Pagar impostos para poder reclamar direitos ao autarca
O processo de auscultação pública sobre o processo legislativo autárquico decorre normalmente, em todo o país, rodeado do entusiasmo que caracteriza sempre a recepção de boas novidades.
Trata-se de discutir e receber contribuições sobre a legislação que vai servir de suporte à instalação do poder local. Esse exercício de democracia participativa, que vai resultar no enriquecimento das propostas de leis elaboradas, não poderia obviamente ser feito sem uma base de trabalho jurídico-legal que permitisse transmitir ao cidadão comum a noção ou a ideia do que é uma autarquia, sem cair na tentação simplista e demagógica de dizer que o processo se resume a eleger as pessoas que vão estar à frente dela.

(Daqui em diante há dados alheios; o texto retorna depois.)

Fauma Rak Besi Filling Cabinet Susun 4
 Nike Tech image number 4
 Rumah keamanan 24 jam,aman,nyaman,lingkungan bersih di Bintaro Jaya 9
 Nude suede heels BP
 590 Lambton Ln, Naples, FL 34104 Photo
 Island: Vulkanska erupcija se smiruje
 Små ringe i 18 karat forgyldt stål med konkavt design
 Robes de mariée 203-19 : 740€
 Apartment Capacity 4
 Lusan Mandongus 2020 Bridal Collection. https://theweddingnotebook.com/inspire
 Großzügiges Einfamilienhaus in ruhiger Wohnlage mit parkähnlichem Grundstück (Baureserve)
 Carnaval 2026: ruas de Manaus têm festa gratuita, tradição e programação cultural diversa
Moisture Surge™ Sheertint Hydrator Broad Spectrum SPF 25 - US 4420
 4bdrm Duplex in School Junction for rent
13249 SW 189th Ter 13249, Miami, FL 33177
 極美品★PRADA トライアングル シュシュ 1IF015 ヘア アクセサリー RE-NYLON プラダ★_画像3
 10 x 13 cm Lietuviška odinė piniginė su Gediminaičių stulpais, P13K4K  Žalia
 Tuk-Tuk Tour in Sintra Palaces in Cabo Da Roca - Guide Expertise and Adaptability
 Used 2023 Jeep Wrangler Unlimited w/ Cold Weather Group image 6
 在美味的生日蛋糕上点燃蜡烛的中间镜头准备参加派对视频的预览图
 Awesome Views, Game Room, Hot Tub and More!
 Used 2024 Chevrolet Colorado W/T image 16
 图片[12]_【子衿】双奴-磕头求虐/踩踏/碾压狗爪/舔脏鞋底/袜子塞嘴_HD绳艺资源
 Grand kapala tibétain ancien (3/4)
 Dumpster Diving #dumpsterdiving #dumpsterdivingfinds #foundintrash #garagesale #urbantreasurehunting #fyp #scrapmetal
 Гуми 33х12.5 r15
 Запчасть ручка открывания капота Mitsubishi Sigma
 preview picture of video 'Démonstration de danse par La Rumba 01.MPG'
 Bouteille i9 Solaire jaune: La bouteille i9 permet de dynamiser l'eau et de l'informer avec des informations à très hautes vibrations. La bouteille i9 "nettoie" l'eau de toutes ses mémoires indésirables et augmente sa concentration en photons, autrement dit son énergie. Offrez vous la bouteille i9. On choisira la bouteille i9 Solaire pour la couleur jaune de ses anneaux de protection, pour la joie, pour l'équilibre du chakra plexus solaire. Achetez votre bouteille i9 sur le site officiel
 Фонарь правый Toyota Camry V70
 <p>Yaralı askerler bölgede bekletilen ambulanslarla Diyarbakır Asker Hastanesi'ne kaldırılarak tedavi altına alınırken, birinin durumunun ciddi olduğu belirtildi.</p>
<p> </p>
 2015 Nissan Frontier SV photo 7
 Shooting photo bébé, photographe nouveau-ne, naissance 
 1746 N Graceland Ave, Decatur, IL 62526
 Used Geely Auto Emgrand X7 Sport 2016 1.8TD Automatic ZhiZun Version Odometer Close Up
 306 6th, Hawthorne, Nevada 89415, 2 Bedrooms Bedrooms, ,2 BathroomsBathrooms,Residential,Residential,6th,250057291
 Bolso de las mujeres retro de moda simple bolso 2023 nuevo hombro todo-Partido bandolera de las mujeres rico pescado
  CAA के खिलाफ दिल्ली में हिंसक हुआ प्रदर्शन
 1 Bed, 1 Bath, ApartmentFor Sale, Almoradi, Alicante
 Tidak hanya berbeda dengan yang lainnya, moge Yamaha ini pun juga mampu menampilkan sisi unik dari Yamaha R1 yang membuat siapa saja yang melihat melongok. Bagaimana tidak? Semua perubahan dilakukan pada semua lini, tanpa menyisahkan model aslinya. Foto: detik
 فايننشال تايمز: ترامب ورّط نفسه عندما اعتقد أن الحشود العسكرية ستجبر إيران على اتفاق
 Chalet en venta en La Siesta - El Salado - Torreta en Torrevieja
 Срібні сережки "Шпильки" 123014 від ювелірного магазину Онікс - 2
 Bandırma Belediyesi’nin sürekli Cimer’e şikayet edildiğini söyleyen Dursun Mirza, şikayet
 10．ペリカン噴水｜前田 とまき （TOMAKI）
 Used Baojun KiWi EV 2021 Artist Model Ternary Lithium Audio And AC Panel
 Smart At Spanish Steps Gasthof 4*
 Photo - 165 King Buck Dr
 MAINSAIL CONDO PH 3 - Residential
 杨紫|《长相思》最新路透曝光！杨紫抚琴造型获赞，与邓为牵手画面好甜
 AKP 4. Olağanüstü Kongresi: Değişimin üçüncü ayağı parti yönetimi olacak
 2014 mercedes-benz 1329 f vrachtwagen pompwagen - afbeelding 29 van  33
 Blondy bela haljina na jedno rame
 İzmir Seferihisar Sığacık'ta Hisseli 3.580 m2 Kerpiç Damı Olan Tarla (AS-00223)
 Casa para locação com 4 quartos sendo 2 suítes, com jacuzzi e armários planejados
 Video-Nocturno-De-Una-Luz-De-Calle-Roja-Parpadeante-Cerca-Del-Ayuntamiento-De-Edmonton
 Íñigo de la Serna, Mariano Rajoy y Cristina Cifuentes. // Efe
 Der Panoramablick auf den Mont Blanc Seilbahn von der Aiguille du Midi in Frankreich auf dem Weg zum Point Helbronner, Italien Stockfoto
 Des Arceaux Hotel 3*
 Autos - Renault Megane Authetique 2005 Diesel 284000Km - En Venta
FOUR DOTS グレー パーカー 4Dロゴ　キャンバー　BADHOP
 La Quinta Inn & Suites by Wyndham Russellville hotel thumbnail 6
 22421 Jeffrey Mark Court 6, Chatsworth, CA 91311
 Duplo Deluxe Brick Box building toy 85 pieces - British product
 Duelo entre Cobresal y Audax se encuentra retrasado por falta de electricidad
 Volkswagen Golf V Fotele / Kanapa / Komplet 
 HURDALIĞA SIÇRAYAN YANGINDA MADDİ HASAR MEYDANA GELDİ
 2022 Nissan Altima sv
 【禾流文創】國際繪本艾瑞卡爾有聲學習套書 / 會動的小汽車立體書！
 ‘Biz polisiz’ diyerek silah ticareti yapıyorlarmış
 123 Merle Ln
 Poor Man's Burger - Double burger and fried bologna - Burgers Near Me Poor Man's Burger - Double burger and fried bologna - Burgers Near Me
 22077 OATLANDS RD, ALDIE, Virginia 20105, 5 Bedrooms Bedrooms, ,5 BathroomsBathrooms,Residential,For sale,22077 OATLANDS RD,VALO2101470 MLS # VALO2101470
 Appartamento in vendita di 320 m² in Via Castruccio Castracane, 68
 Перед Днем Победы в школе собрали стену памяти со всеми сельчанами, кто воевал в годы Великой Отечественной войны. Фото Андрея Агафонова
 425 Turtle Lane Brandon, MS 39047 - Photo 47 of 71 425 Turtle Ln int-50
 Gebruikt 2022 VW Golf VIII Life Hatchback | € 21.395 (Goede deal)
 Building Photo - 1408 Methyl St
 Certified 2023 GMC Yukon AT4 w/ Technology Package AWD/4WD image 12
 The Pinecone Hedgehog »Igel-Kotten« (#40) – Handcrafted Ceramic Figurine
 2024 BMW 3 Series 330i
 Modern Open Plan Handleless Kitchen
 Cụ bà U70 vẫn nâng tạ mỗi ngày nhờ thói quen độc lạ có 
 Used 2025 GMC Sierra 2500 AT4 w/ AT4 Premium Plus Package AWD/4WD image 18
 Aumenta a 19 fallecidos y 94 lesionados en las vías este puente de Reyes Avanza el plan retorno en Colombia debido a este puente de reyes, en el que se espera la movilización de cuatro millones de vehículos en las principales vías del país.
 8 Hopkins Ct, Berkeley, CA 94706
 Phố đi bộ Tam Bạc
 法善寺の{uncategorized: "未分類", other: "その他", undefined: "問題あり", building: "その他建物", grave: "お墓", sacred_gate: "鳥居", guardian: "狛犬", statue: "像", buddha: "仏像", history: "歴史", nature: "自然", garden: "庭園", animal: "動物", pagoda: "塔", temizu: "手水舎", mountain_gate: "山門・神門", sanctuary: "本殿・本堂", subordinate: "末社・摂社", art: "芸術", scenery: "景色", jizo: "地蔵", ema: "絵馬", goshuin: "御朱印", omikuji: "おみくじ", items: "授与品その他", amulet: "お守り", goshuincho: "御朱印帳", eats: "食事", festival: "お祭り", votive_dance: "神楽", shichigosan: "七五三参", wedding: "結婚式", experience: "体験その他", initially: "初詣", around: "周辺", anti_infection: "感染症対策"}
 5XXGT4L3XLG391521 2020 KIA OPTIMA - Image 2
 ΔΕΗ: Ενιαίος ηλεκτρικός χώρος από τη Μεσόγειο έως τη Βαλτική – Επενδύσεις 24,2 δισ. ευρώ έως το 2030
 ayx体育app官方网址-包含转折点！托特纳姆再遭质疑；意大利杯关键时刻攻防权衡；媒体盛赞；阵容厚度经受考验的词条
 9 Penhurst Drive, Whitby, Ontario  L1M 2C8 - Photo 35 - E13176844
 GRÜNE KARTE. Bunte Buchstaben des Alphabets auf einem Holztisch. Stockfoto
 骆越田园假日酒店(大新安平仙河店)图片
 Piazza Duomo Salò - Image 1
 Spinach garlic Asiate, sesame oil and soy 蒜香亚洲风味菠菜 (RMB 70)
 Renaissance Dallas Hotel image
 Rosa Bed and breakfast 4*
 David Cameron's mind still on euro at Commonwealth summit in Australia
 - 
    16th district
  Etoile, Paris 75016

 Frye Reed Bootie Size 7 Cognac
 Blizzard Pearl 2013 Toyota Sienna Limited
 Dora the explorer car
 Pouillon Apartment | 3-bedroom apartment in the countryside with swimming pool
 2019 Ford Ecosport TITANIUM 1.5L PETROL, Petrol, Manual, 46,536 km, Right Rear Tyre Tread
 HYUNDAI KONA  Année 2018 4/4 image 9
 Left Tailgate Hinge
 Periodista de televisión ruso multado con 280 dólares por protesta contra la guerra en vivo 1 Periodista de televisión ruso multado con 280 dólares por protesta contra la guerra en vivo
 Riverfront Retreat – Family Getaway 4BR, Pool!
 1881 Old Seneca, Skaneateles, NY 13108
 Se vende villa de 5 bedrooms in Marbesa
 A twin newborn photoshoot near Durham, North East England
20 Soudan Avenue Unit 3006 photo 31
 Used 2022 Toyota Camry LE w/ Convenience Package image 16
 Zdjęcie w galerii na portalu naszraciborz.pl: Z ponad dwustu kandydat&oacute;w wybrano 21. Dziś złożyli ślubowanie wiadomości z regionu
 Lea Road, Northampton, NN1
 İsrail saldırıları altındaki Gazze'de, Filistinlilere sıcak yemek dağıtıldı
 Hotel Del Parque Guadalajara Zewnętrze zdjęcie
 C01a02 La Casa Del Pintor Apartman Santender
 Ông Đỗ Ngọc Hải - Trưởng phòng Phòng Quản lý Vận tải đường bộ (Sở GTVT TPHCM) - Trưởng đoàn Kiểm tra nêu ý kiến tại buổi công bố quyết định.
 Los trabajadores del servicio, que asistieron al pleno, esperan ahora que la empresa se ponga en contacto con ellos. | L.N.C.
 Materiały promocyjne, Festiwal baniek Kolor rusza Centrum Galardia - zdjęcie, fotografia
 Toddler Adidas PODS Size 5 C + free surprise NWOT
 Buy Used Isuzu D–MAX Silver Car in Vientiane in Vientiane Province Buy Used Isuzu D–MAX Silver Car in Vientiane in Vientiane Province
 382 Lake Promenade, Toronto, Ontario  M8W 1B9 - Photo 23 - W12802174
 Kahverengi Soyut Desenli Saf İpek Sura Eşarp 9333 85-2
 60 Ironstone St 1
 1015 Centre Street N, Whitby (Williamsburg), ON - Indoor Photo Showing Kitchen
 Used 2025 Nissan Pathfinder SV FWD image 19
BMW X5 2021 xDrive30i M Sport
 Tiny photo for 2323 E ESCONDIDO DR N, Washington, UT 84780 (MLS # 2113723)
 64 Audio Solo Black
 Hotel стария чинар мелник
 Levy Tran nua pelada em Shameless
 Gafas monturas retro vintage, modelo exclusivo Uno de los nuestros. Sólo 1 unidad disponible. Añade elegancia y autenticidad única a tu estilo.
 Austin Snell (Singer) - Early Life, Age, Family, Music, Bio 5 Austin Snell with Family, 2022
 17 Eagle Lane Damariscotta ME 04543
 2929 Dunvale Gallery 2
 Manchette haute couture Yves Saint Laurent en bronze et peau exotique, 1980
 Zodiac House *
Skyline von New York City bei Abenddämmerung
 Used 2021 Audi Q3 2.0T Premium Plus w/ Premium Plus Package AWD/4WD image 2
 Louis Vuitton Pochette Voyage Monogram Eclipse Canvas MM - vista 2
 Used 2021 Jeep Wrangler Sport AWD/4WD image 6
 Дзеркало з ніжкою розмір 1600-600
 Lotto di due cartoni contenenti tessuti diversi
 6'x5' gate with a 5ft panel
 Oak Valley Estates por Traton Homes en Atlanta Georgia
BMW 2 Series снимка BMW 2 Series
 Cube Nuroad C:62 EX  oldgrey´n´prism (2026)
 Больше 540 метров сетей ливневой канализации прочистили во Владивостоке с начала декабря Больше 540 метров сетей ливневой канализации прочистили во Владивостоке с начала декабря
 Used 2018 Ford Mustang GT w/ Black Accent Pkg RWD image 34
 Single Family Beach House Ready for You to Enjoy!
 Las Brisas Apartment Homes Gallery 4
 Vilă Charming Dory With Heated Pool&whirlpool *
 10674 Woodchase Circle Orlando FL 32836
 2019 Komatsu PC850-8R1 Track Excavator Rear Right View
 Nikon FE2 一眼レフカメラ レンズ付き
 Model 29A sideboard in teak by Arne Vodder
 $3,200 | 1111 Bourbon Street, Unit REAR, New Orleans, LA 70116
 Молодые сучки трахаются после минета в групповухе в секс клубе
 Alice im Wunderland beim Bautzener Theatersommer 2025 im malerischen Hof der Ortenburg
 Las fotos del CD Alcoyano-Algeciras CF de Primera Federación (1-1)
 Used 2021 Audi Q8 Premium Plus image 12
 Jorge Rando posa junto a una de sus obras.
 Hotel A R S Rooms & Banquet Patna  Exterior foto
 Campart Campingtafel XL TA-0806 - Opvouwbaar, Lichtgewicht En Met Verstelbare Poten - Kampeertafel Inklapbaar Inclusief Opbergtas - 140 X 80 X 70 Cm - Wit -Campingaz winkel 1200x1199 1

As eleições são importantes porque definem o modo como se ascende ao poder autárquico, mas, mais importante ainda, é a necessidade de se prosseguir os objectivos de desenvolvimento sócio-económico e cultural das autarquias, por via da concretização das suas atribuições e competências. Com efeito, com a sua instalação, as autarquias vão ver transferidas para si, parcial ou totalmente de acordo com a sua capacidade de execução, poderes nos domínios da gestão do Equipamento rural e urbano, da Energia, dos Transportes e Comunicações, da Educação e Ensino, da Saúde, da Acção Social, da Habitação, da Protecção Civil, do Património, Cultura e Ciência, do Lazer, Turismo e Desporto, do Ordenamento do Território e Urbanismo, da Polícia Municipal, entre outros.
Bem instaladas e geridas, as autarquias podem contribuir para um correcta aplicação dos princípios da autonomia local e descentralização administrativa, contribuindo assim para fomentar o desenvolvimento das várias regiões do país e esbater as assimetrias que, de forma acentuada, se verificam actualmente. Mas é claro que isso não vai acontecer do dia para a noite. Processos dessa natureza levam décadas e exigem que várias gerações se empenhem no sentido de os ganhos, à medida que forem sendo obtidos, conhecerem a sua consolidação.
Uma das transformações que as autarquias deverão induzir incide sobre a mentalidade reinante ao nível de determinadas comunidades, senão mesmo todas, na medida em que como elemento novo vai obrigar a novas formas de ser e de estar, indispensáveis ao bom alcance daquilo que são os resultados esperados, com todos os actores, desde os autarcas aos cidadãos com e sem direito a voto, a serem chamados a abraçar novas práticas, a inserirem-se no novo contexto. Espera-se que os autarcas tenham a argúcia e o engenho suficientes para moldarem a mentalidade das populações e levarem-nas a aderirem aos novos conceitos de assentamentos populacionais e de urbanização, por forma a evitarem-se muitas das catástrofes que temos assistido e que redundam em prejuízos para si próprias e para o Estado.
E porque as autarquias não existem sem dinheiro para realizar as suas tarefas, importante será olhar para as fontes de receitas que vão assegurar a sua autonomia financeira. Os agentes económicos e os cidadãos devem ter a plena consciência de que isso (a autonomia financeira da autarquia) só se consegue se cumprirem com as suas obrigações fiscais. Pagar os devidos impostos e as taxas é essencial para que o contribuinte fiscal possa reclamar com legitimidade a realização de obras indispensáveis à melhoria da qualidade de vida na sua circunscrição.
A resolução dos problemas de abastecimento de água, de fornecimento de energia eléctrica, de iluminação pública, de manutenção e conservação de estradas, em suma, a prestação de serviços essenciais nas circunscrições requer meios, uma estrutura adequada de apoio técnico-humano em cada sector e isso não pode existir e funcionar normalmente, com a eficiência que se reclama, se não estiver garantido o necessário suporte financeiro.
E é bom que se diga que pagar impostos e taxas não é de hoje. O fenómeno tributário, uma prática que surgiu com as civilizações antigas, em que se destacam os exemplos da Mesopotâmia, da Grécia Antiga e do Império Romano, evoluiu de tal sorte que hoje nenhum Estado dispensa o recurso aos impostos para atender as demandas colectivas. Reza a História que o Imperador Augusto (27 a.C - 14 d.C) ordenou que fosse feito um trabalho de cadastramento para conhecer a extensão das propriedades tributáveis, facto que levou 30 anos a ser concluído, para melhorar a qualidade da colecta de impostos.
O imposto transformou-se num instrumento de poder que permite aos Estados modernos uma melhor organização da sua máquina administrativa, planificar por via das receitas assim conseguidas o seu desenvolvimento económico e social e, sobretudo, assegurar a sua estabilidade com investimentos nos sectores da defesa e segurança.
O autarca deve conhecer dessas particularidades porque o assunto é muito mais sério do que a simples eleição para ocupar um posto.